Commissioner of Police Colin John and other senior police officers have met with members of the media who wrote to him on Jan. 30 about “aggression” directed to them outside the Serious Offences Court on Jan. 25.
The meeting, last Wednesday, was also attended by Deputy Commissioner of Police, Frankie Joseph, head of the Criminal Investigations Department, Superintendent of Police Clauston Francis, and Head of the Police Public Relations Department, Assistant Superintendent of Police, Junior Simmons.
Kenton Chance, of iWitness News, Clare Keizer and Kemarlie Durrant, of Searchlight, and Haydn Huggins, who freelances for The Vincentian, all of whom signed the letter, attended the meeting.
John told the media representatives that the police take every report of crime seriously.
He said that the police force believes in a free press and will do what it can to ensure that a free press continues to exist in St.

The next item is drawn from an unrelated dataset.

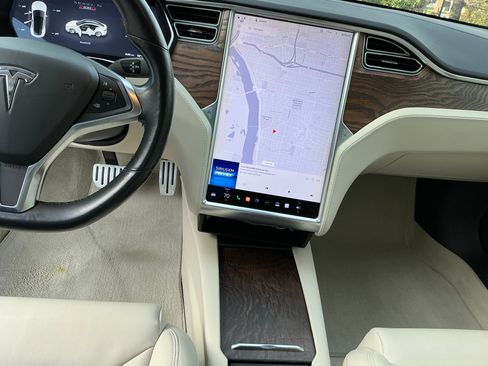 Used 2017 Tesla Model S P100D image 13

Vincent and the Grenadines.
“I can assure you that the police take incidents like this seriously,” the police chief said and informed the media that an investigation had been launched into the incident.
Meanwhile, the media spoke of the impact that such incidents have on their ability to do their work and their personal well-being.
The meeting discussed suggestions to educate the public about the rights and responsibilities of the media and members of the public in public spaces, including outside the law courts.
The meeting came after the journalists wrote to John expressing concern at what they regard as the “escalating issue of threats by members of the public against and aggression” towards journalists covering the Serious Offences Court (SOC) and Kingstown Magistrate’s Court (KMC).
In the Jan. 30 letter, copied to the National Security Minister, the Chief Magistrate, Senior Magistrate as well as the Superintendent of Prisons, the journalists said “this has been an ongoing situation about which journalists have complained repeatedly over the years to police officers assigned to the court”.
In the letter, the journalists said that their correspondence relates specifically to an incident outside the SOC on Jan. 25, “that went above and beyond anything that journalists reporting on the court have experienced recently”.
Chief Magistrate, Rechanne Browne, speaking in court on Feb. 3, said, “I have noted your concerns and I had no idea all that excitement used to happen outside”, adding, “there will be no excitement outside”.
Meanwhile, in a Feb. 6, response to the letter Prime Minister and Minister of National Security, Ralph Gonsalves said the issue is “as serious one and the state authorities are obliged to address it firmly and urgently”.
He told the media of a summary notation he had written for transmission to the Commissioner of Police, Chief Magistrate and Attorney General.
In the notation, the prime minister said:
“SVG is a free and democratic country which functions within the framework of the rule of law. In this context, among the persons who possess rights and obligations are journalists. Threats of violence against journalists are wholly unacceptable! Let us ensure that journalists are safe in their practice of their profession always, especially in the precincts of our Law Courts. For your urgent attention and advice.”
Gonsalves further said that SVG is a young, independent, democratic nation.
“We must never allow unruly and/or utterly selfish, ignorant persons, however inflamed their passion may be, to subvert or diminish in unlawful and/or unreasonable, unacceptable ways our democratic way of life, social solidarity, and the basic rights of others.”
The prime minister said that too much of all this “‘subversion”, unlawful conduct and atomised individualism are manifest across our Caribbean (including St. Vincent and the Grenadines), and the world. Decent, law-abiding citizens in social solidarity must resist.”